We were sitting in the studio of Freedom 106.5—journalists and editors Soyini Grey and me, for a call-in programme on World Press Freedom Day ably hosted by Satesh Mahabir, who I had worked with in the early days in television (now a dynamic radio chat show host) juggling us with Zoom participants—media powerhouses including Kaymar Jordan (Managing Editor, GML), Irving Ward, Suzanne Sheppard (editors/veteran journalists) and Jovan Johnson of the Jamaica Gleaner. There were five of us.

I suddenly thought of something I had read—we are the sum of the average of the five people you spend the most time with. I hadn’t spent time with any of these colleagues, but they felt like home.

They were like the people I spend time with. It was May 3. World Press Freedom Day.

We were exploring challenges facing journalists, each coming at it from multiple viewpoints, including the corrosive effects of social media on journalism, lengthy explanations as to why we must cover “bad” news (As the Fourth Estate, we stand as watchdogs over all institutions) the fact that journalists are constantly accused of bias by people whose agenda the news doesn’t serve, the fact that journalism is a vocation, so often journalists die young, and on the job, work for relatively low pay, for long and odd hours to meet deadlines.

We spoke about the murder of our colleagues in Haiti, Mexico and Ukraine, and the constant vigilance and fight for information from government quarters. We heard two newscasts while I was in the building read by Satesh, and with each hour, the number of murders went up from two to five to two wounded men.

Now we heard it from both hats on—as journalists interested in the news AND citizens wondering where this would stop. At that point, Soyini Grey said something that really struck me. Journalists need community with one another and to be close to the people whose lives we cover.

That not only made good sense (thankfully, the media fraternity is stronger, stretches from rookies to veterans and is more united than ever), but I realised later it would help us live longer. Stick a pin there.

Later that day, I was accosted by a member of the public (we are like hairdressers and doctors—people tell us everything) who loudly went on about how important it was to own guns (something, worryingly, certain politicians are calling for).

I realised with a start that once that happened, our journalists would be on the frontline—covering more and more crime, with more guns about.

So let me just say what I told that loud man who wanted a gun against the bandits based on my research.

According to the magazine, The Scientific American, some 30 studies show that more guns are linked to more crimes, including murders and rapes. There is little research to show guns help protect people.
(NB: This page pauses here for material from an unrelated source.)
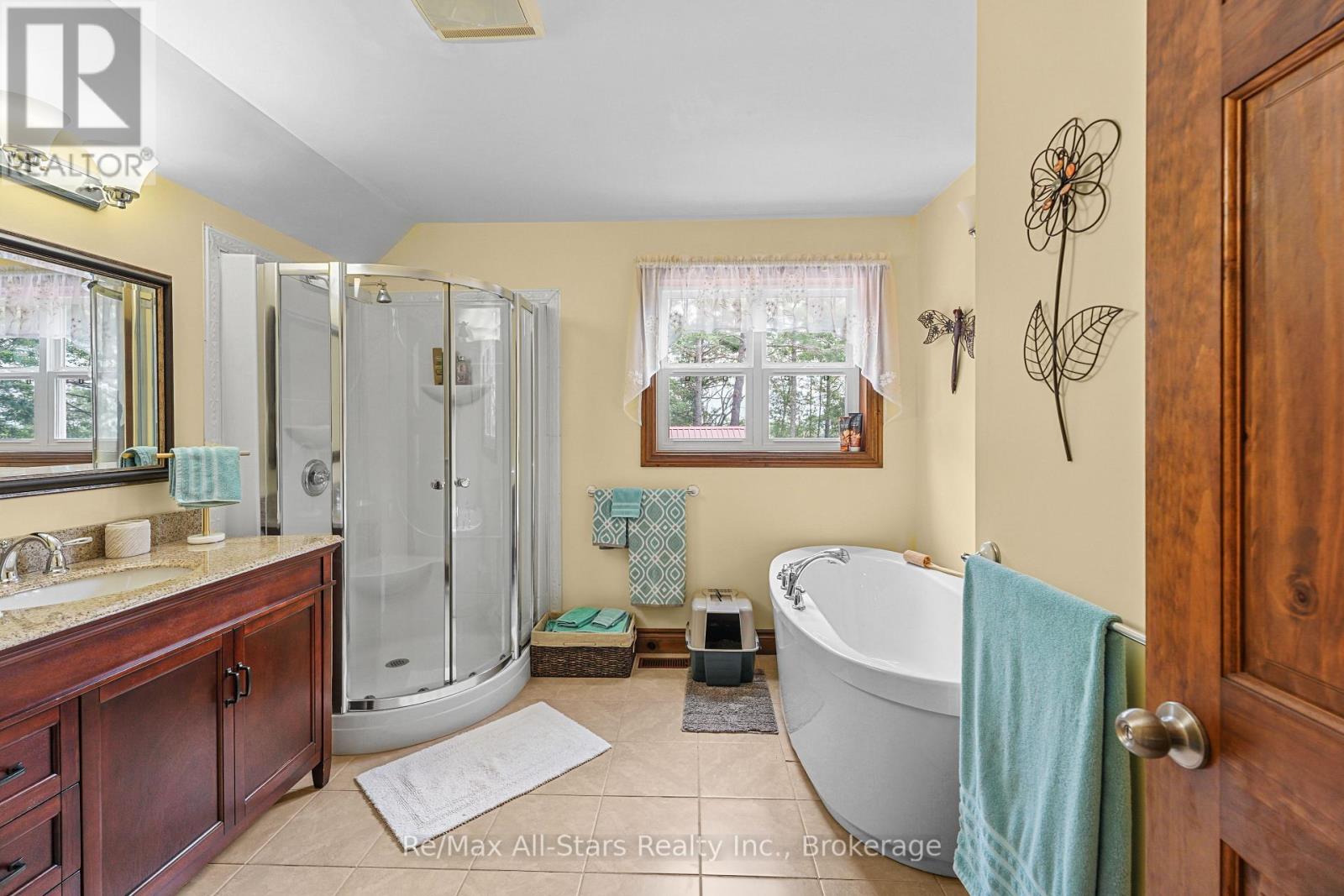 2990 County Road 36, Trent Lakes, Ontario  K0L 1J0 - Photo 21 - X13539576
The claim that gun ownership stops crime is common (in the US—and a growing belief in Trinidad) and drives laws that make it easy to own and keep firearms.

David Hemenway, director of the Harvard Injury Control Research Center: Even if keeping a gun at home can put your family more at risk.

“It may mean you take chances you shouldn’t otherwise take, go to places where it’s not safe, but you feel safe.”

Where there are more guns, more opportunities exist for people to steal them and use them nefariously.

Now I like to join up the dots.

Ultimately, all human behaviour is a desire to live long and satisfy human instincts and desires for love, power, and community.

Young men get all three things in a gang, plus the prospect of infamy. (If not fame) What if, instead of handing people guns, we hand them sports, art, or business, or simply hands they could hold? I have this fantasy of government ministers led by the prime minister and the police force and community workers walking together into the areas where families feel isolated, forgotten, without purpose, where people die young, shoot and are shot at.

I thought of that studio again. Of how everything is connected.

How journalists and criminals, children, pensioners, the homeless, housewives, businesspeople, politicians and judges are also citizens.

How we all face stresses in our professions and community, how right now we all feel under threat and how with the right kind of love, we might just heal by coming closer together in safe spaces, by offering a leg up, a helping hand instead of shutting up our doors.